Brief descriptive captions
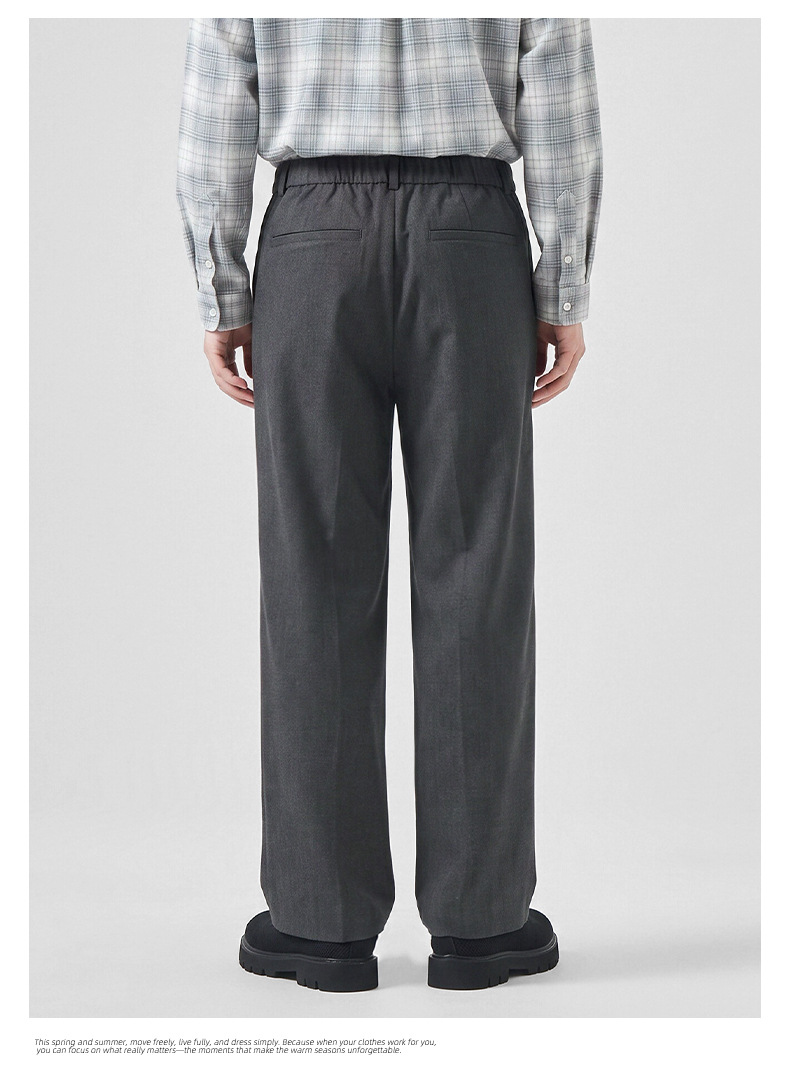 APOCRITA'S Men's Straight Leg Casual Pants Wool Blend Wrinkle Resistant Business Trousers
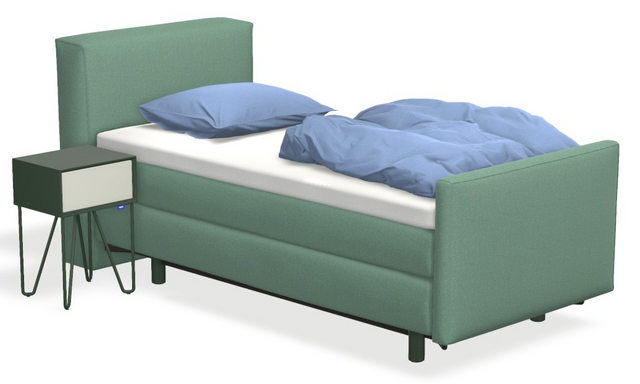 Boxspringbett auping Original - Bold mit Fussteil, Nachttisch & flacher Unterfederung
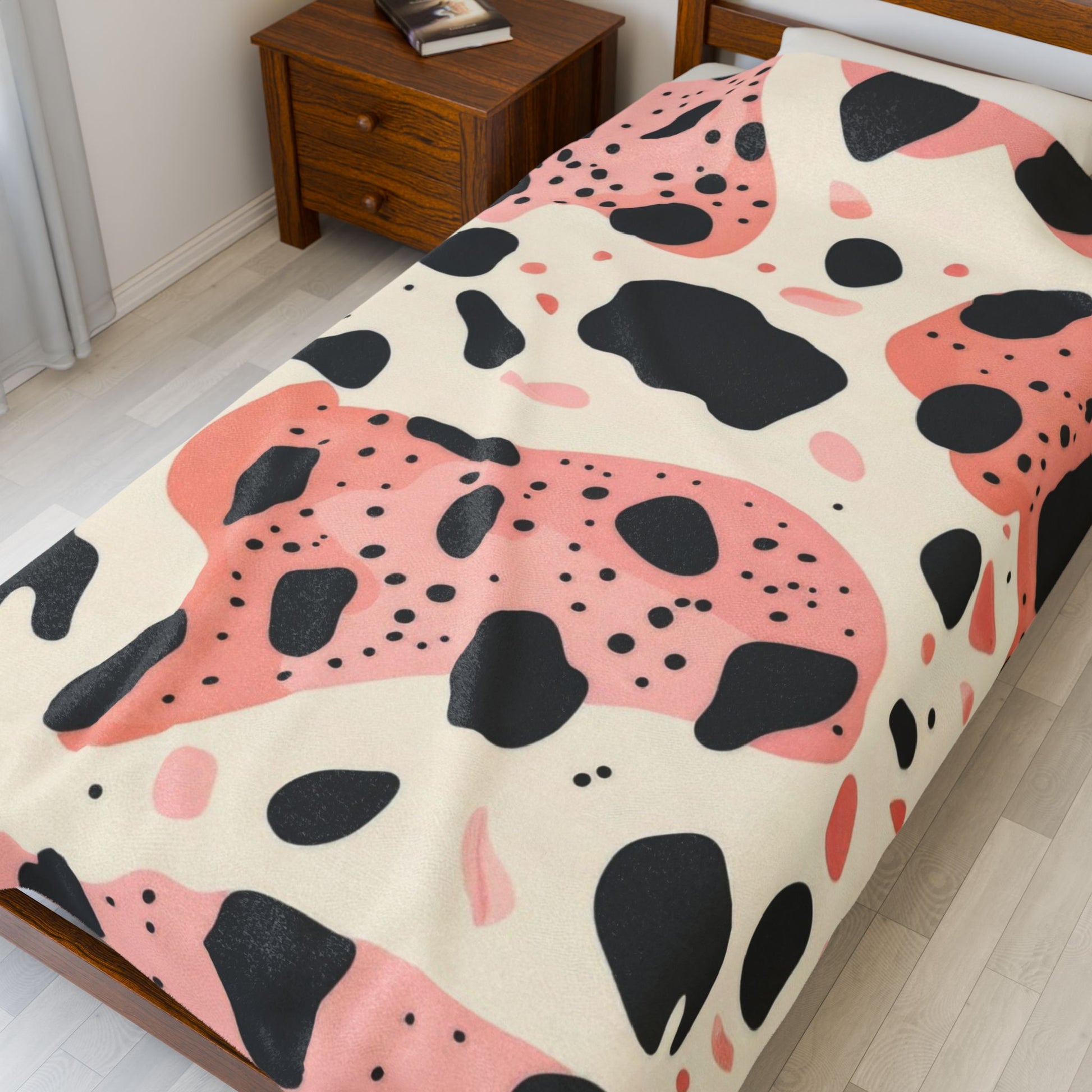 Organic Cow Print Cream and Pink Velveteen Plush Blanket, Artsulli - Art is Long, Life is Short, All Over Prints, , , , , , , 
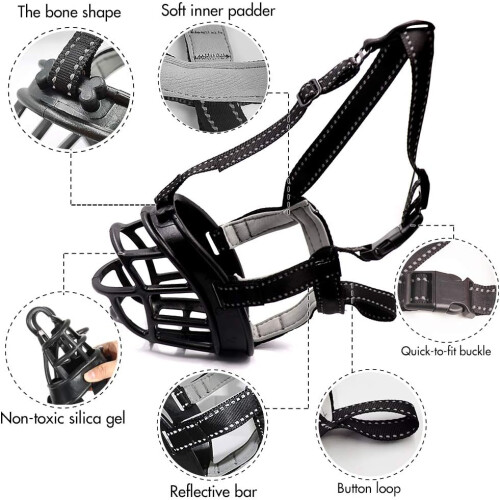Soft Basket Muzzle for Dogs Secure and Comfortable Fit, Better Prevent Bites 2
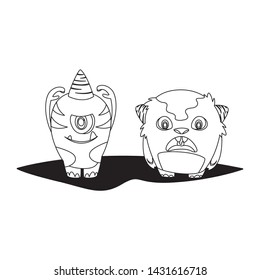 funny monsters couple comic characters monochrome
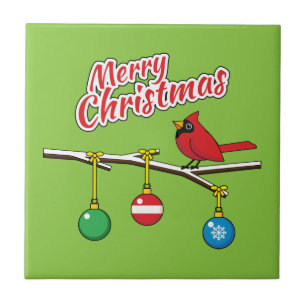Roter Kardinal auf kahlem Weihnachtszweig - Frohe  Fliese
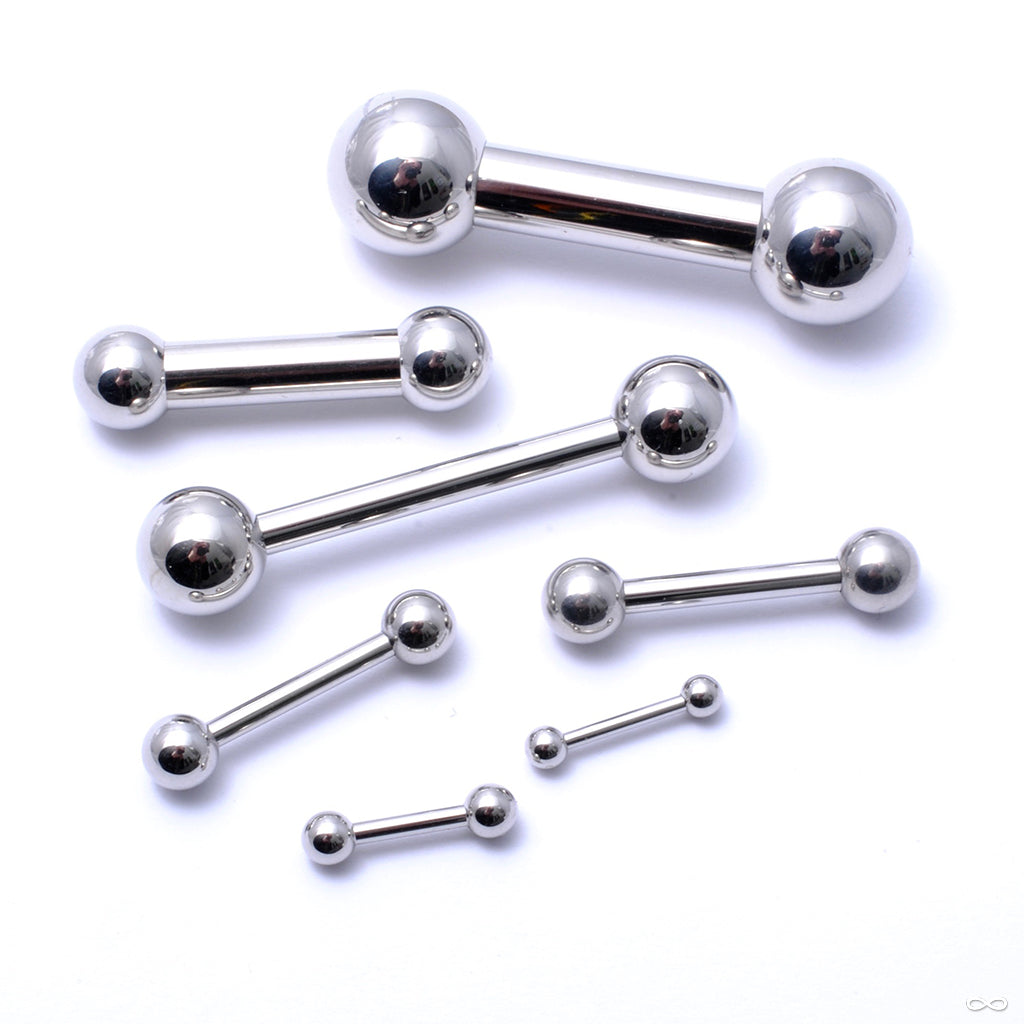 Industrial Strength - Straight Threaded Barbell Shaft in Titanium from 6g  to 00g from Indust - Infinite Body Piercing, Inc.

### The task
Leave out every picture, and repeat word for word only the lines from the one holding "Boxspringbett auping Original" through the end of the entries above, both ends included.

### Exercise result
 Boxspringbett auping Original - Bold mit Fussteil, Nachttisch & flacher Unterfederung
 Organic Cow Print Cream and Pink Velveteen Plush Blanket, Artsulli - Art is Long, Life is Short, All Over Prints, , , , , , , 
Soft Basket Muzzle for Dogs Secure and Comfortable Fit, Better Prevent Bites 2
 funny monsters couple comic characters monochrome
Roter Kardinal auf kahlem Weihnachtszweig - Frohe  Fliese
 Industrial Strength - Straight Threaded Barbell Shaft in Titanium from 6g  to 00g from Indust - Infinite Body Piercing, Inc.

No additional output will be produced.